Une grève générale sans le moindre incident, c’est inédit. Cela montre la maturité de l’ensemble des composantes du champ politique et social et leur détermination à tourner la page. Cela montre aussi que les pouvoirs publics ne se cachent plus derrière l’argument de l’ordre public pour interdire les grèves et matraquer les grévistes. Un acquis de taille sur le chemin de la consécration de l’Etat de droit et de la promotion des libertés publiques.
Face à ce mot d’ordre de grève générale, le gouvernement a fait montre de pondération, réaffirmant son respect plein et entier du droit à la grève tout en se disant déterminé à aller jusqu’au bout de la réforme du régime de retraite et ne point se contenter de la solution facile en passant “la patate chaude” aux gouvernements qui suivront.
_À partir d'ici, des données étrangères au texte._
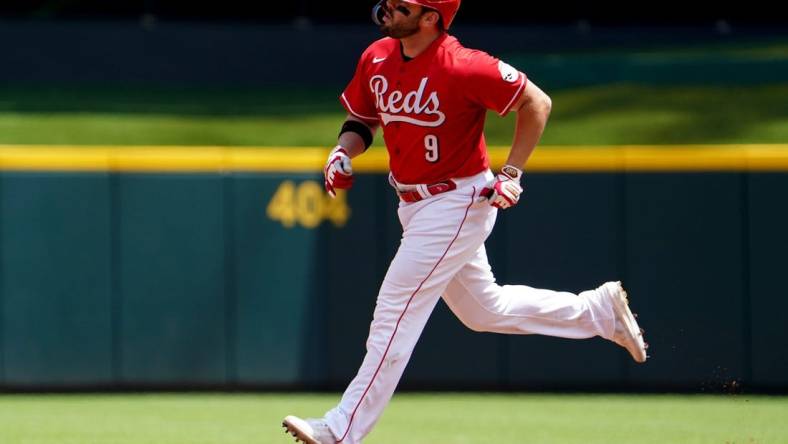 Cincinnati Reds first baseman Mike Moustakas (9) rounds the bases after hitting a three-run home during the third inning of a baseball game against the Tampa Bay Rays, Sunday, July 10, 2022, at Great American Ball Park in Cincinnati. The home run marked the 200th of his career.

Tampa Bay Rays At Cincinnati Reds July 10 0048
Le gouvernement par la voix de son porte-parole, ministre de la communication, Mustapha El Khalfi, a également assuré que le dialogue social n’est pas mort et qu’il ne cherche pas à se dérober à ses engagements tout en appelant les partenaires sociaux à assumer leur responsabilité.
De leur côté, les syndicats se sont arc-boutés sur leurs revendications, décrétant une grève générale pour le 29 octobre dernier tout en se félicitant de son succès avec un taux de participation, selon leurs quantifications, de 84 pc.
En réponse, le gouvernement s’est attelé à garantir un fonctionnement normal dans les établissements publics comme l’a souligné alors son porte-parole, tout en se félicitant du climat dans lequel s’est déroulé cette grève qui consolide ainsi les acquis du Royaume en matière de libertés et de droit de l’Homme.
Un point d’honneur à mettre à l’actif des syndicats, c’est leur mot d’ordre à l’adresse des employés et cadres de certaines unités de production et établissements stratégiques à porter seulement un brassard en guise de solidarité avec les grévistes et pour ne pas paralyser le pays. Car, au final, le service minimum doit être assuré malgré la grève.
Cela dit, l’année 2014 restera dans les annales syndicales comme étant un tournant dans la gestion des grèves. En revanche, l’année prochaine sera décisive pour savoir à quel point le gouvernement et les partenaires sociaux parviendront-ils à transcender leurs divergences sur des questions lancinantes, entres autres, les réformes du régime de retraite et de la caisse de compensation ?.